What the task requires: Begin at the line below that contains "Windows Live Writer - plugins" and write out every line from there to the end of the entries, exactly.

Stored records:
-=-=-=-=-

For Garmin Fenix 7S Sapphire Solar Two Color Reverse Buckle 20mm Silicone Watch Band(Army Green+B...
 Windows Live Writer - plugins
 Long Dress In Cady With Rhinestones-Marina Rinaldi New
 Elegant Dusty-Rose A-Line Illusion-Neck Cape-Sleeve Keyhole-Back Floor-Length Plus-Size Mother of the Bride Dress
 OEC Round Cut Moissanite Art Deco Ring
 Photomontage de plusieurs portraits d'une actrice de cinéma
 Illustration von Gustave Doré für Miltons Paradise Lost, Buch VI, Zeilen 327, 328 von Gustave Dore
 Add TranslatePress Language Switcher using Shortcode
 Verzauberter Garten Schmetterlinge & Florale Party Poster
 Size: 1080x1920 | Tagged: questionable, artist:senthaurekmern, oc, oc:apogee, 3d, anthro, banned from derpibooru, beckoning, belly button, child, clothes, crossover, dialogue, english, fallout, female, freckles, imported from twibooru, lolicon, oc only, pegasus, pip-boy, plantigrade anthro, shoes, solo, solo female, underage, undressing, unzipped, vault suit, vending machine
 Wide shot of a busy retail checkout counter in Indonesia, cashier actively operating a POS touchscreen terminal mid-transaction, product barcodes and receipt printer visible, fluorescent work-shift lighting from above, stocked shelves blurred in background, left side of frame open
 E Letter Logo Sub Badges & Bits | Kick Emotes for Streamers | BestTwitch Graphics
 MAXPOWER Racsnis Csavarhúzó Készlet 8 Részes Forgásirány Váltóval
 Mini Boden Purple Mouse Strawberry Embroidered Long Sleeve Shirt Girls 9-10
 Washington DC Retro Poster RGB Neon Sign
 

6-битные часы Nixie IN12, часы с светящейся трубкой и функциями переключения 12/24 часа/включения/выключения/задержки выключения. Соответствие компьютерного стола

-=-=-=-=-

Response area:
 Windows Live Writer - plugins
 Long Dress In Cady With Rhinestones-Marina Rinaldi New
 Elegant Dusty-Rose A-Line Illusion-Neck Cape-Sleeve Keyhole-Back Floor-Length Plus-Size Mother of the Bride Dress
 OEC Round Cut Moissanite Art Deco Ring
 Photomontage de plusieurs portraits d'une actrice de cinéma
 Illustration von Gustave Doré für Miltons Paradise Lost, Buch VI, Zeilen 327, 328 von Gustave Dore
 Add TranslatePress Language Switcher using Shortcode
 Verzauberter Garten Schmetterlinge & Florale Party Poster
 Size: 1080x1920 | Tagged: questionable, artist:senthaurekmern, oc, oc:apogee, 3d, anthro, banned from derpibooru, beckoning, belly button, child, clothes, crossover, dialogue, english, fallout, female, freckles, imported from twibooru, lolicon, oc only, pegasus, pip-boy, plantigrade anthro, shoes, solo, solo female, underage, undressing, unzipped, vault suit, vending machine
 Wide shot of a busy retail checkout counter in Indonesia, cashier actively operating a POS touchscreen terminal mid-transaction, product barcodes and receipt printer visible, fluorescent work-shift lighting from above, stocked shelves blurred in background, left side of frame open
 E Letter Logo Sub Badges & Bits | Kick Emotes for Streamers | BestTwitch Graphics
 MAXPOWER Racsnis Csavarhúzó Készlet 8 Részes Forgásirány Váltóval
 Mini Boden Purple Mouse Strawberry Embroidered Long Sleeve Shirt Girls 9-10
 Washington DC Retro Poster RGB Neon Sign
 

6-битные часы Nixie IN12, часы с светящейся трубкой и функциями переключения 12/24 часа/включения/выключения/задержки выключения. Соответствие компьютерного стола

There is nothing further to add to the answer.